Here’s a passage most of us from the city can relate to which I quoted from a book i just read, The Cozy Life: Rediscover the Joy of the Simple Things Through the Danish Concept of Hygge by Pia Edberg.
As technology advances in our modern world, we find ourselves living in a society that moves faster than ever before. We are constantly connected via Wi-Fi or cellular network and check our email and social media accounts frequently.
We can have everything at our fingertips: an email sent from the other side of the world, a movie streamed instantly, money transferred online, a customized music channel, even a date with someone who shares our interests.
Ironically, while we are more connected than we have ever been, and convenience is at an all-time high, we have have grown distracted and disconnected from ourselves. We rarely have a moment to contemplate who we are because we are struggling with information overload. The hours slip by right before our eyes, and we siffer from a loss of personal authenticity.
For those of us who live in the city, we find ourselves always rushing from one place to another, eating on the go, catching transit, and running around between errands. It’s a constant rat race, as we try to make more money so we can afford more things, and then make even more money to be able to keep up with monthly payments and the expectaions of our lifestyle.
It’s easy to feel this pressure; however, such rampant consumeris is not sustainable. We will eventually find ourselves exhausted and feeling like something is missing.

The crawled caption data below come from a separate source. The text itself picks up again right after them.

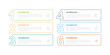© Haris - Design template infographic vector element with 6 step line process or option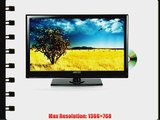 Axess 13.3-Inch LED Full HDTV Includes AC/DC TV DVD Player HDMI/SD/USB Inputs TVD1801-13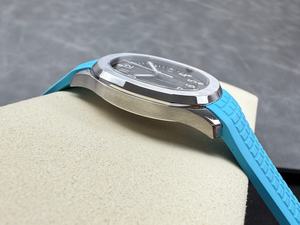 Reloj Mecánico de Lujo, Super Calidad, Resistente al Agua, 40mm, Fábrica DDF, Movimiento ETA 330, Grosor 8.3mm, Correa Azul PP - Product Image 4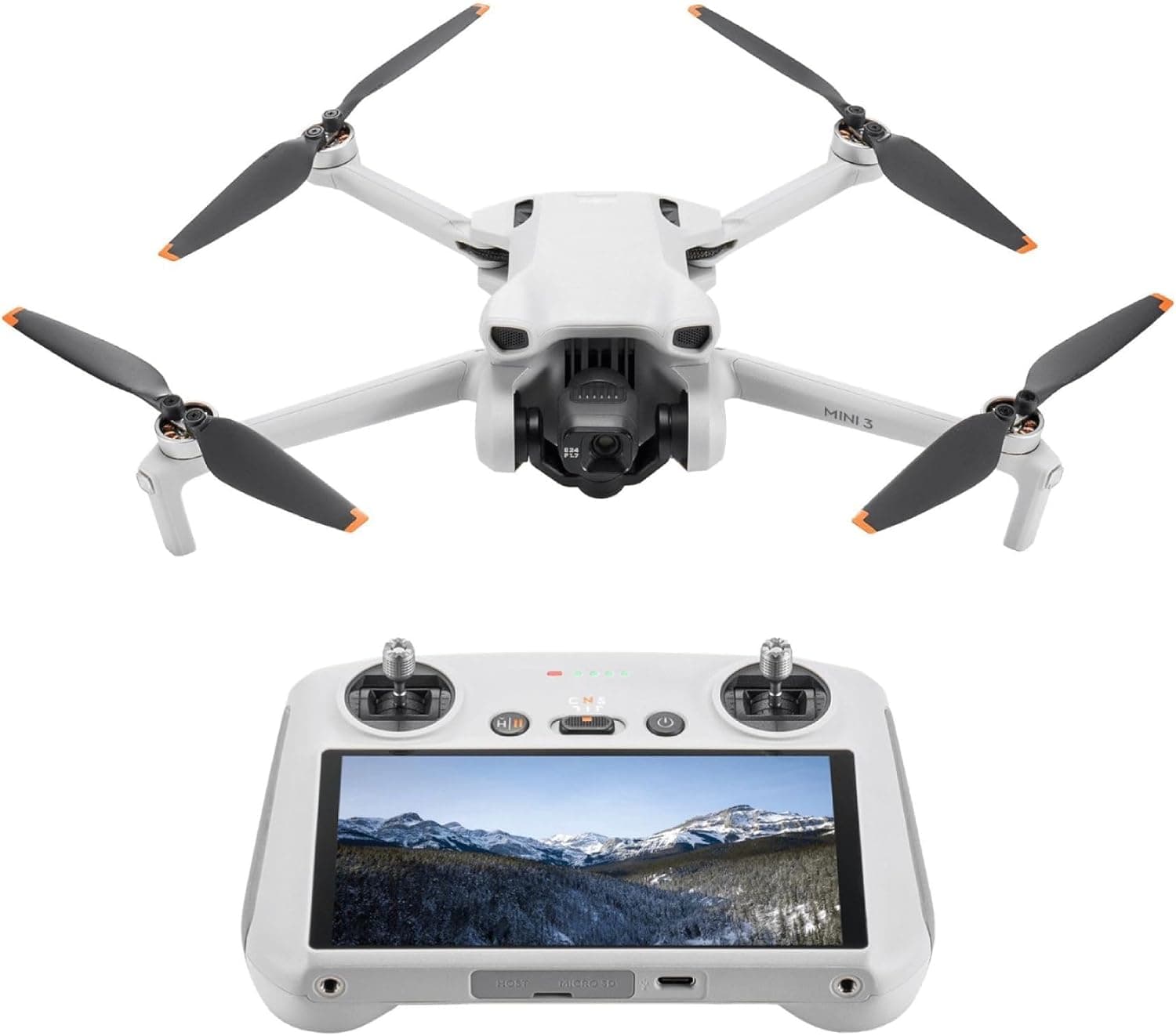 DJI Mini 3 (DJI RC) – Dron Mini con Mando a distancia y cámara, ligero y plegable con vídeo 4K HDR, 38 min de tiempo de vu... – DJI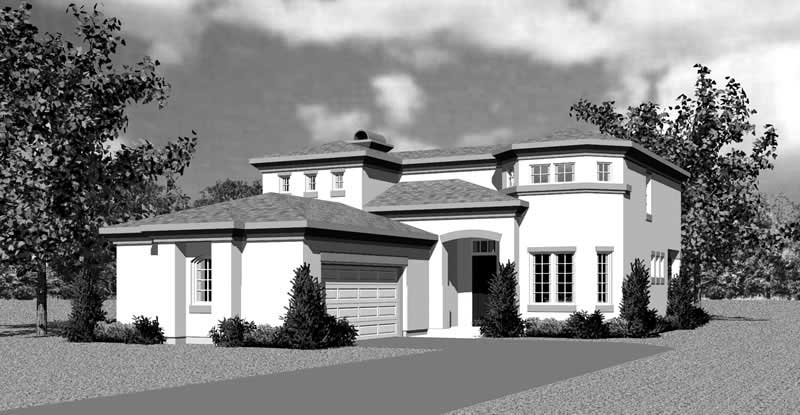 Home Plan Front Elevation of this 3-Bedroom,2091 Sq Ft Plan -137-1119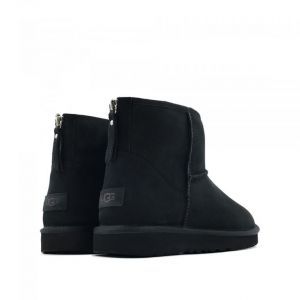 Ugg Mens Classic Mini Zip II Black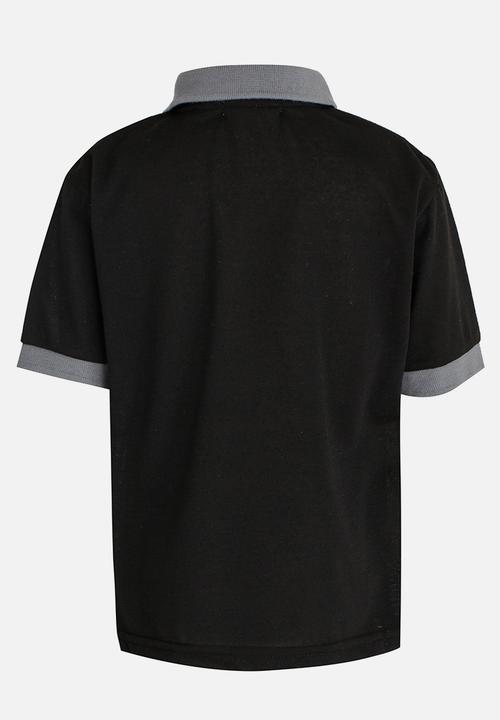 Twin Clothing - Boys Golf Tee Black and Grey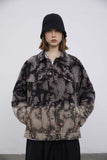 Unisex Jacket Fall Paisley Washed Jacket Women's Clothing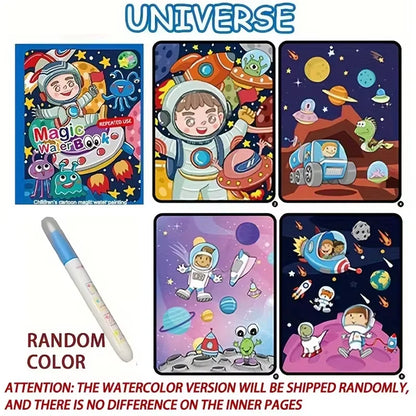 1pcs Magical Book Water Drawing Montessori Toys Reusable Coloring Book Magic Water Drawing Book Sensory Early Education Toys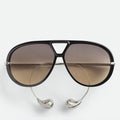 Aviator sunglasses lens close-up detail — The Nimbus — Velezeco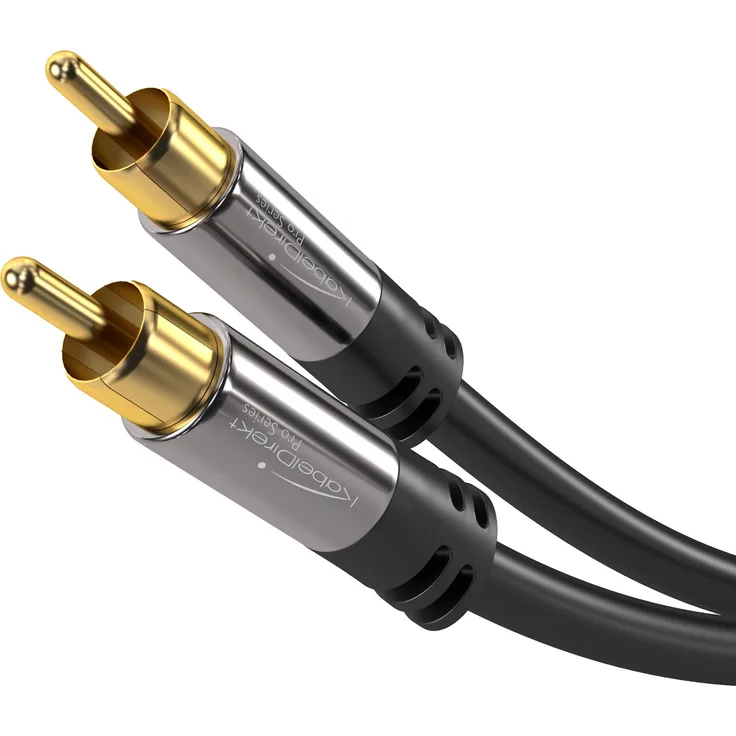 KabelDirekt - Cinch Subwoofer Kabel - 1,5m - (Koaxialkabel geeignet für Verstärker, Stereoanlangen, HiFi Anlagen & andere Geräte mit Cinch Anschluss, 1 Cinch zu 1 Cinch)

This sort of lifestyle also disconnects us from our true internal creativity and motivation. This system breeds a way of life where our outer actions, experiences, or material possessions are a measurement of how we compare to our peers. In doing so, this competitive way of life devalues our inner honesty and integrity, making us only as good as the image we portray.
There was even a time when I kept switching through different screens every other minute, even when I didn’t have any specific activity for each. Why? Because my brain felt like it was in overdrive, telling my hands they have to be busy all the time, and my mind to check each mobile device so I would not miss anything. I feel like I shouldn’t miss anything, even when it doesn’t really matter.
I’m caught in the busyness illusion.
And it takes acknowledgment to get out of the sick cycle of wanting to stay in the loop, even when the things that make us human happen outside of it — in moments when our minds are allowed to think, contemplate, and reflect.